At least 500 victims, some as young as two years old, were abused by the shamed television presenter Jimmy Savile, new research shows.

A study by the National Society for the Prevention Cruelty to Children in Britain, commissioned for BBC Panorama, reveals the extent of Savile's offending and his access to Broadmoor hospital, where some of his abuse took place.

The report said the scale of Savile's offending inside Broadmoor is higher than previously thought, with Thames Valley Police having received 16 reports of abuse by him inside the special hospital.

It also describes how some awe-struck civil servants erroneously referred to the Top Of The Pops presenter as "doctor", unaware of the trauma he was inflicting on some youngsters behind hospital doors.

The figures show the most common age group for Savile's victims was 13 to 15 - and the youngest alleged victim was just two years old.

Peter Watt, the NSPCC's director of child protection, said: "There's no doubt that Savile is one of the most, if not the most, prolific sex offender that we at the NSPCC have ever come across.

"What you have is somebody who at his most prolific lost no opportunity to identify vulnerable victims and abuse them."

The joint BBC investigation between Panorama and The World At One, which airs today on BBC One and BBC Radio 4, asks how the DJ got so close to the heart of Britain's establishment and why in 1972 the BBC failed to take effective action that might have saved young people from abuse.

In 1988, health minister Edwina Currie appointed Savile to head a task force to address tensions between Broadmoor's management and unions.

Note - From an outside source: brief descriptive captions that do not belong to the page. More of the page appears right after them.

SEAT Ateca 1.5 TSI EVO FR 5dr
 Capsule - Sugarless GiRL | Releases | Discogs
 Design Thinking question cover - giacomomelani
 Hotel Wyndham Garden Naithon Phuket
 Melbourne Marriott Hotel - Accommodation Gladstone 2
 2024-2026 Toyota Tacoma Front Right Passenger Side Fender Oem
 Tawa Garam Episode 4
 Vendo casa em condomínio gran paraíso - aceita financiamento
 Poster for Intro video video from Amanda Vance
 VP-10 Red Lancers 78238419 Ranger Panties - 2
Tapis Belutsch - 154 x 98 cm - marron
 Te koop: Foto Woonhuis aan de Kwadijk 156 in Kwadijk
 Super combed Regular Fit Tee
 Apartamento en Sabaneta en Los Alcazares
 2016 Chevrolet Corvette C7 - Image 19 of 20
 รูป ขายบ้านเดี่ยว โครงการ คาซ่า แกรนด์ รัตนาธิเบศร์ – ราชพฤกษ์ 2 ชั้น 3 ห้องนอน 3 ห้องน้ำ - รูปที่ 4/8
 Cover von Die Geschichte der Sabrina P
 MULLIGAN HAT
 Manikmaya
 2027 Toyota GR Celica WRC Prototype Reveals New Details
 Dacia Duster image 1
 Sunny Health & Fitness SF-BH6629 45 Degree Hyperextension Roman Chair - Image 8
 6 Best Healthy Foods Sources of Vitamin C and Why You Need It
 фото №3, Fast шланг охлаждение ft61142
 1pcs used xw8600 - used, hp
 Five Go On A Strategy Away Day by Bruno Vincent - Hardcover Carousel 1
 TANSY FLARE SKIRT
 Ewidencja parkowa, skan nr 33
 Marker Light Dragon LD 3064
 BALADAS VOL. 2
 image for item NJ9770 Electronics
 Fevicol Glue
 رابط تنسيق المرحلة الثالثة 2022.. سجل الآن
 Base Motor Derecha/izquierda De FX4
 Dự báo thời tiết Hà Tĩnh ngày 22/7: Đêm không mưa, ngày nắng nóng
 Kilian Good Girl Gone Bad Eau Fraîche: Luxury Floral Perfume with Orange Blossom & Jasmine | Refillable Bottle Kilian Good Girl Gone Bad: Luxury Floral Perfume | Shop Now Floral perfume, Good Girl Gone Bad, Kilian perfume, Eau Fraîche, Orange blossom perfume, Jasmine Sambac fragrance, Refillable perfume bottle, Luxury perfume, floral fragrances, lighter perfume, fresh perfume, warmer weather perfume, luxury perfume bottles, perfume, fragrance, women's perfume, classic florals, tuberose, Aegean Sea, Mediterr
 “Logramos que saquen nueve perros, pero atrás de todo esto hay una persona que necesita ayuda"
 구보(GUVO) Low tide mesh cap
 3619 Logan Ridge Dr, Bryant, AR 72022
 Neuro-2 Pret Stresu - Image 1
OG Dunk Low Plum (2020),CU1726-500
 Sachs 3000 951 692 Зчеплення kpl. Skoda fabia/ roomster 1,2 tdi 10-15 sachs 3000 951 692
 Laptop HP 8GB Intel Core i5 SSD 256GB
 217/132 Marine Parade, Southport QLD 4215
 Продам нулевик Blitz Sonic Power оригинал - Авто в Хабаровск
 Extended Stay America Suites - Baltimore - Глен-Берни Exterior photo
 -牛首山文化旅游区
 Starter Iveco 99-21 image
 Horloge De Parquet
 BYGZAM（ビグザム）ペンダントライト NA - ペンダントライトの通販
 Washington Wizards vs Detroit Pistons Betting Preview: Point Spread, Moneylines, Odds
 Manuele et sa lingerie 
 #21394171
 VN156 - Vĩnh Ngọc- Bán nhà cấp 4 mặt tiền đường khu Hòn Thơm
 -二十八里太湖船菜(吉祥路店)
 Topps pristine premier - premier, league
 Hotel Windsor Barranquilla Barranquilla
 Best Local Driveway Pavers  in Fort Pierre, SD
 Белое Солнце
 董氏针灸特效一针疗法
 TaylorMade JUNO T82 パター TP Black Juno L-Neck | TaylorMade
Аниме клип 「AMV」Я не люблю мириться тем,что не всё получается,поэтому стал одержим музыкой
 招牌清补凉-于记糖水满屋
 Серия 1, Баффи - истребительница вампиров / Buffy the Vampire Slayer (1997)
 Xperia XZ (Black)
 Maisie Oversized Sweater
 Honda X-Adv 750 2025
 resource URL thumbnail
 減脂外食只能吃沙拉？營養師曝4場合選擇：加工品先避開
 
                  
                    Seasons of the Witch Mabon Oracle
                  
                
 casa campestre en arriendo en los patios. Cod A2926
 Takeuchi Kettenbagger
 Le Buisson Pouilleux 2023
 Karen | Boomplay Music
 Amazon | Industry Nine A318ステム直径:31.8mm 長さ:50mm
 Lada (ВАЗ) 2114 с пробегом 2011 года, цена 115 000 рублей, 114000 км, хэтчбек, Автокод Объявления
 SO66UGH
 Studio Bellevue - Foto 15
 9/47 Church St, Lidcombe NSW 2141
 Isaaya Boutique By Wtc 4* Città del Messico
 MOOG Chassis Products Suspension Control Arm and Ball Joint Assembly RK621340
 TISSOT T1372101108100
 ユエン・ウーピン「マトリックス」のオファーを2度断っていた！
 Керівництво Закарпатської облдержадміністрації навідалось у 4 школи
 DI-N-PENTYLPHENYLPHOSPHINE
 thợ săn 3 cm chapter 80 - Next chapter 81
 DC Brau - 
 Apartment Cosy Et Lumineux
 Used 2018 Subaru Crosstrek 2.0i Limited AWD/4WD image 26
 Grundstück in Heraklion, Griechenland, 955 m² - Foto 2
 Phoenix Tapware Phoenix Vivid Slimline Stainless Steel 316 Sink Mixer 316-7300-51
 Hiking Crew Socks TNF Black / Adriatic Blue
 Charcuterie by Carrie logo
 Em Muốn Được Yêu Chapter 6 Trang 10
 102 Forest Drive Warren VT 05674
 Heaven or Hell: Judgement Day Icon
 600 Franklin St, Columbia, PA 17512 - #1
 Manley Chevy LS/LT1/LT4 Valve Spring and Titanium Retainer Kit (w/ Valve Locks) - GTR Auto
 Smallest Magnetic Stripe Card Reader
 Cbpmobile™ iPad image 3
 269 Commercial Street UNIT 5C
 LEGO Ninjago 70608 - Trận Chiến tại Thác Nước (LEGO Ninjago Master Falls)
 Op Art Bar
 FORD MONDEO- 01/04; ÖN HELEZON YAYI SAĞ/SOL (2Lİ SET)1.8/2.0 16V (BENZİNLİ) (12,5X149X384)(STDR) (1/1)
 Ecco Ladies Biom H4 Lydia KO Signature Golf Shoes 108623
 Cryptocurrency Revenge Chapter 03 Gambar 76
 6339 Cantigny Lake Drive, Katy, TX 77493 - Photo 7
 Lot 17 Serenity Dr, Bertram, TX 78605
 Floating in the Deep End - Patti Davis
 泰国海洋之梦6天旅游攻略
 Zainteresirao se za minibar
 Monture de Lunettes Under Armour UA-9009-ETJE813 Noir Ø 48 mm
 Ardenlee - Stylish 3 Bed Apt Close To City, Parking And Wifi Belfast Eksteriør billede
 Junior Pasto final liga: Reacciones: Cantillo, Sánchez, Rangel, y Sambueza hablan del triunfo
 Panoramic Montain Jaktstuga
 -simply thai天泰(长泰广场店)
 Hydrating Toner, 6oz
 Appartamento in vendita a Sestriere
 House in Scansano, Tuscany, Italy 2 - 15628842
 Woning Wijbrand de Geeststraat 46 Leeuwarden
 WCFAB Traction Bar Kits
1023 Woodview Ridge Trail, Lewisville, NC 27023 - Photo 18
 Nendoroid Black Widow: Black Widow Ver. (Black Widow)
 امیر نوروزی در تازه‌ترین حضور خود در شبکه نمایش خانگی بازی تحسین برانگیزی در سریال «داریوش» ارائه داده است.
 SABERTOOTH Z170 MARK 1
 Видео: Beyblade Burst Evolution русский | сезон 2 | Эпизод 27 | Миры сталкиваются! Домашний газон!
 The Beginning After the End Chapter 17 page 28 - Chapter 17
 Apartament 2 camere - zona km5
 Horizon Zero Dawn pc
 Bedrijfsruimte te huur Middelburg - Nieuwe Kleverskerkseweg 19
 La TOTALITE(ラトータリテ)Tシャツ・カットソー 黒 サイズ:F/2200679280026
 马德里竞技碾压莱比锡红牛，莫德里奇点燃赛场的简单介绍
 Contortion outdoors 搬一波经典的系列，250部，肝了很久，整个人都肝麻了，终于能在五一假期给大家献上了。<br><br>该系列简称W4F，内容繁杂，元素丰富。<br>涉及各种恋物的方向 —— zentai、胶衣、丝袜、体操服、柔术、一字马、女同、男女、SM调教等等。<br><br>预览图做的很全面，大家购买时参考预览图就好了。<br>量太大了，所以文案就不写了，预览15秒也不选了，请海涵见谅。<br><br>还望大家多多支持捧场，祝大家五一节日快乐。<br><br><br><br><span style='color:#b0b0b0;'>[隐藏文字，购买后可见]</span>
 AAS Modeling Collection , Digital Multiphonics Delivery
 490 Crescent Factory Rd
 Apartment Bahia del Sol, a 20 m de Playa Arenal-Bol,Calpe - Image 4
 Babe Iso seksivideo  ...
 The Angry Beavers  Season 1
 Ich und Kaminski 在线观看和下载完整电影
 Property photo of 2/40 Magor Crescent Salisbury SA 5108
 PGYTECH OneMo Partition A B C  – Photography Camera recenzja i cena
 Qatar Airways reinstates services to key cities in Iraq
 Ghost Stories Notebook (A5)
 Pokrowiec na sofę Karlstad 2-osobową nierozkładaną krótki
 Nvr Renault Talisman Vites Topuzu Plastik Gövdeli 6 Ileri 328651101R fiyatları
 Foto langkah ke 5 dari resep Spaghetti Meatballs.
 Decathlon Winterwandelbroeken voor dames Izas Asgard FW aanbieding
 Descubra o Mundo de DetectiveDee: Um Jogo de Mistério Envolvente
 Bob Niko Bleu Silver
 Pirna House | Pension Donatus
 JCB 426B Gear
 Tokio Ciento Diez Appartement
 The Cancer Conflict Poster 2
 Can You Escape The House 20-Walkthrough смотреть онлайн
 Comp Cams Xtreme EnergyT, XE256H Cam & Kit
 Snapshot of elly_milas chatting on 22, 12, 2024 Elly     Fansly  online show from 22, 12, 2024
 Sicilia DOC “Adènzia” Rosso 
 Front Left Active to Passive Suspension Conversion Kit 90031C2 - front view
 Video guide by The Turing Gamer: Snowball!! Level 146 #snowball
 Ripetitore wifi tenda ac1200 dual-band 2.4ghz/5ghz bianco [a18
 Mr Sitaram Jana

A confidential Department of Health memo obtained by Panorama suggests that his appointment was being pushed by a senior civil servant.

The documents suggest civil servants were impressed by the entertainer, who died in October 2011. They refer to him as "doctor" Savile and say he wanted to "ease out" staff at the hospital.

They say he went through each of the main departments at the hospital like a "dose of salts".

Savile first became involved with Broadmoor through the League Of Friends charity in the late 1960s. He was later given his own set of keys and a house in the grounds.